Мэдди залилась румянцем до самых ушей и быстро отступила на шаг. Потом насупилась, перехватила поднос в одну руку, шлёпнула Эллиса полотенцем по затылку и, гордо развернувшись, зацокала каблуками на кухню.
– Нет, – грустно констатировал детектив. – Женщины и дети меня не жалеют. Это, наверное, мне сначала показалось.
– Вы упорно напрашиваетесь на комплименты, – тут я уже не сумела удержаться и всё-таки улыбнулась.
– Просто шучу. Видимо, без особого успеха, – вздохнул Эллис и, скептически оглядев тарелку с бараниной и картофелем, подвинул её к себе поближе. – Вы лучше расскажите, как идёт опрос свидетелей. Лайзо, паршивец, всячески намекает, что вы узнали нечто потрясающее… Намёки-намёки, а о деталях – ни слова. Чем вы его так подкупили, что он теперь даже со мной многозначительно отмалчивается? – судя по интонации, это был вопрос риторический. – Так что вы докладывайте о ходе следствия, пожалуй, а я пока исследую содержимое своей тарелки. Тоже, знаете ли, замечательное дело.
То ли пустой желудок был тому виной, то ли мрачно-сосредоточенное настроение, но Эллис не задал мне ни одного вопроса по ходу рассказа. Даже не перебил ни разу, вопреки обыкновению. Но слушал внимательно. На середине он и вовсе потерял интерес к баранине и, подперев рукою подбородок, уставился на меня в упор.
Я сбилась и не сразу сумела собраться с мыслями.
– …А потом мы распрощались, условившись о встрече. Остаток дня я была занята, а сегодня пришли вы. Вот, собственно, и всё, – подвела я итог через добрых два часа и потянулась к чашке с остывшим чаем – немного промочить горло. К концу рассказа у меня даже голос немного охрип.
Эллис, впрочем, выглядел весьма довольным результатом.
– Прекрасно, – произнёс детектив после небольшой паузы. – Что ж, это вполне ложится на мою информацию. Жаль, что я сейчас занят двумя делами сразу, причем одно из них личное и не терпит отлагательств… Ваш рассказ, Виржиния, во многом подтверждает мои догадки, но кое-что для меня оказалось неожиданностью. И весьма заинтересовало, не скрою… Речь идёт о родстве между Эстер Бонне и Джулией Дюмон. Я знал, что одна из дочерей Нингена держит в Лютье небольшую школу живописи, где и преподает сама, только и всего. О том, что у нее есть сестра в Аксонии, да ещё не кто иная, как мисс Дюмон, я не подозревал.

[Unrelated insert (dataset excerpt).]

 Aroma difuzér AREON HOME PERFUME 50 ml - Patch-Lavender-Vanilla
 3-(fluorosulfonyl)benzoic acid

В голове у меня словно встал на место кусочек головоломки.
– Погодите. Но ведь Джулия Дюмон говорила, что эта Эстер Бонне – женщина необщительная, склонная к пустым подозрениям, затворница. Как можно с таким характером заниматься преподаванием?
– Да никак, – цинично улыбнулся Эллис, становясь сразу похожим на злого лиса из сказок. – Лайзо прав, она лжёт. Вопрос – только ли насчёт своей родственницы?
– И зачем лжёт, – глубокомысленно добавила я, но Эллис только отмахнулся:
– Тут-то как раз версия сразу появилась. Мисс Дюмон не хочет, чтобы кто-то прочитал письма Нингена, особенно последние. Возможно, там есть упоминание об «Островитянке у каноэ». Или наоборот, нет, – загадочно заключил он.
И замолчал.
Я ждала закономерного продолжения, но детектив только смотрел на меня многозначительно и тихонько поскрёбывал вилкой по тарелке.
Шкриб-шкриб. Шкриб-шкриб. Шкри-и-иб.
«Это фарфор, ручная роспись, и один комплект стоит хайрейн», – вертелось на языке. Однако я не стала язвить и просто спросила то, чего ждал Эллис:
– Что вы имеете в виду?
Эллис вальяжно откинулся на спинку, излучая довольство. Видимо, ему и впрямь в последние дни частенько приходилось чувствовать себя дураком, вот он теперь и отыгрывался на мне, изображая всеведущего детектива пред лицом наивной леди… Что ж, это можно было только перетерпеть.